Best way to scale Telegraf

I am using Telegraf with the snmp plugin to monitor network equipments. As for now, I only poll a few devices and it works fine. I am looking to scale it to hundreds of devices and I would like to know what would be the best way to scale it. I am currently using the --config-folder option to manage a seperate config file for the snmp input settings. Should I consider to go on and simply add more and more .conf files or at some point I should consider running multiple telegraf instances?

I would think about SPOF (single points of failure). Having one telegraf instance polling a lot of equipment might create one. If equipment has native SNMP capabilities, I would think maybe pushing data out of the equipment into a pool of telegraf instances could be a better solution? Thinking about failure modes is difficult because you’re dealing with a lot of unknowns, but hopefully this helps

There are advantages to defining multiple snmp plugins instead of one plugin with multiple agents, it will prevent a slow agent from blocking collections with other agents:

  # snip
  # snip

Multiple processes are mostly useful only once you reach the limit of how fast you can send to the outputs.
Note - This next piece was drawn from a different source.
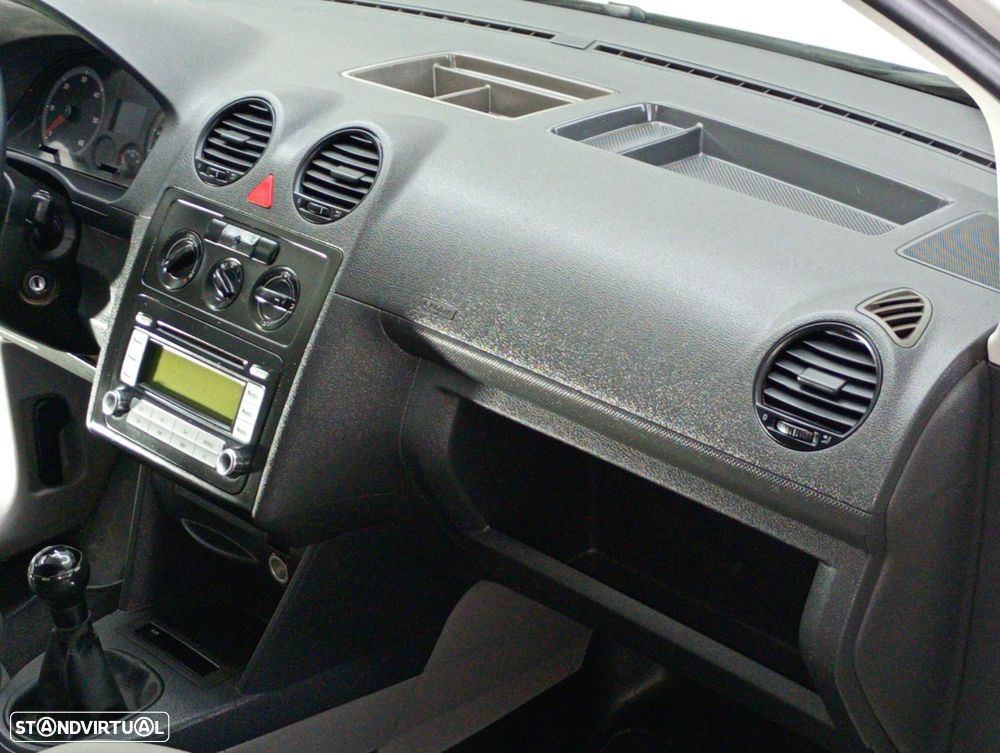 VW Caddy 1.9 TDi Extra 5L AC - 22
You may also need multiple Telegraf’s on separate systems if you saturate the network connection or the CPU.

When it comes to high availability, I don’t think the type of architecture that @exabrial suggests will be possible with SNMP due to polling design. You could do double collections but that may introduce a lot of extra load so I would probably avoid it.

Thanks! HA / SPOF is not a concern in my case, so I am not worried about it.
I started using the “–config-directory telegraf.d” option where I create a unique SNMP input per host, so it kinda align with your recommendation.
Thanks for your recommendations, next step I guess is to figure out how many inputs I can configure for a single / how many measurements I can send on a single telegraf instance :slight_smile: